Bohol First District Representative Rene L. Relampagos, during the meeting of the House Committee on Agrarian Reform which he chairs, recently discussed the legislative proposal to hasten land registration process in the country.
“Land registration in the country is very tedious. Documentary requirements are very hard to complete. It takes time. It costs money,” Chair Relampagos said. “House Bill 5487, principally authored by Speaker Pantaleon Alvarez, endeavors to eradicate the bureaucratic red tape in land registration which usually happens when government agencies require the submission of unnecessary documents.
In addition, this proposal would rationalize the process of land registration of agricultural lands by streamlining the requirements imposed by the Department of Agrarian Reform (DAR).”
During the hearing, the DAR and the Land Registration Authority, as key agencies engaged in land registration, made presentations on the process involving the same.
Under the current set-up, DAR clearance remains as one of the mandatory requirements for the registration of any transfer, sale or disposition of agricultural lands. The cost to get a DAR clearance alone, excluding registration fees, is around Php 10,000.00.
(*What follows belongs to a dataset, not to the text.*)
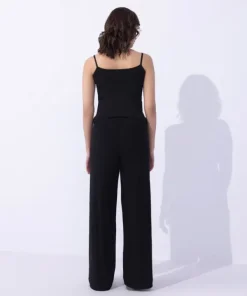 Fashion Sapphire Wide Leg Jersey Trousers Black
And the time to secure the clearance takes months.
The proposed measure, thus, provides that the DAR’s clearance permit for land registration shall only apply for lands covered by the Comprehensive Agrarian Reform Program (CARP); that the DAR approval or clearance permits shall not be required if the land for registration is not covered by the CARP, under Section 10 of Republic Act 6657, and below the five-hectare retention limit under Section 6 of RA 6657; and that penalties will be given to any public officer or employee who violates the law. Penalties include dismissal from office and perpetual absolute disqualification without prejudice to other criminal, civil or administrative penalties provided by law.
“While we intend to keep the sanctity of land titles and the procedure for registration, we aim to streamline bureaucracy and do away with procedures that serve no other purpose but to delay the proceedings and entail unnecessary costs to the registrant. More importantly, this will encourage more registrations,” Relampagos stressed. “Let us not complicate things. The simpler, the better. Let us make bureaucracy work for the people.”
The house bill was approved by the Committee and will be subject to second reading once the Committee Report has been duly approved and signed.